また、現在も行われている初音ミクのライブ『マジカルミライ』の前身となる初音ミクのソロコンサート『ミクの日感謝祭』が初めて行われたのも2010年である。当時、3Dの描画技術はゲーム業界を中心としてソフト・ハードの両面で日々進歩しており、その結実がさまざまな形で衆目に触れることとなったのだ。ここで活用されていたテクノロジーはその後、意外な形で発展し、現在ではメタバースや人工知能といった最新トレンドを支える基幹技術となっている。
2010年代、映画やゲームの世界では3DCG技術の活用が加速した。映画『アバター』は、その一端を担った作品として真っ先に思い出されるだろう。
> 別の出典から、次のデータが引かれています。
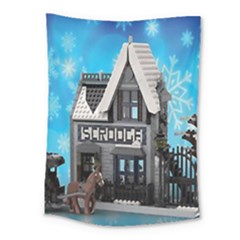 Winter Village Snow Brick Buildings Medium Tapestry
キャメロン監督は同作以前より映画制作においてCG技術を活用しており、1997年に公開された映画『タイタニック』では危険なスタントを回避するために落下する乗客をモーション・キャプチャーによって描画するというアプローチを取っている。
「アバター」ではさらに進化したCGと3Dの技術が最大限に活用されており、特に役者の表情をCGで再現する試みとして採用された「パフォーマンス・キャプチャー」という技術の成功により、存在しない生物たちのドラマが躍動感をもって表現されている。3D版・2D版で上映され、3D版はゴーグルを付けて鑑賞するスタイルで楽しまれた。
『アバター』に代表される3D表現は熱狂をもって迎えられたものの、現在のVRゴーグルにまで続く「ゴーグルが邪魔」という欠点は当時から指摘されていた。3D映画に使われているゴーグルは重量があり、2〜3時間の映画を鑑賞するには疲れてしまうという問題があった。当時、各社が相次いで出していた「3Dテレビ」も同様の問題を抱えていたからこそ、『ニンテンドー3DS』の発表は衝撃的だったのだ。
3DSの3D表現は裸眼立体視を用いて行われており、これは「右目と左目に角度や向きが異なる映像を見せる」ことで実現している。原理的には「寄り目で見ると立体に見えるステレオ写真」に近い。この独自のハードウェアにより、ニンテンドー3DSは3Dのゲーム体験に新たな価値を提供することになった。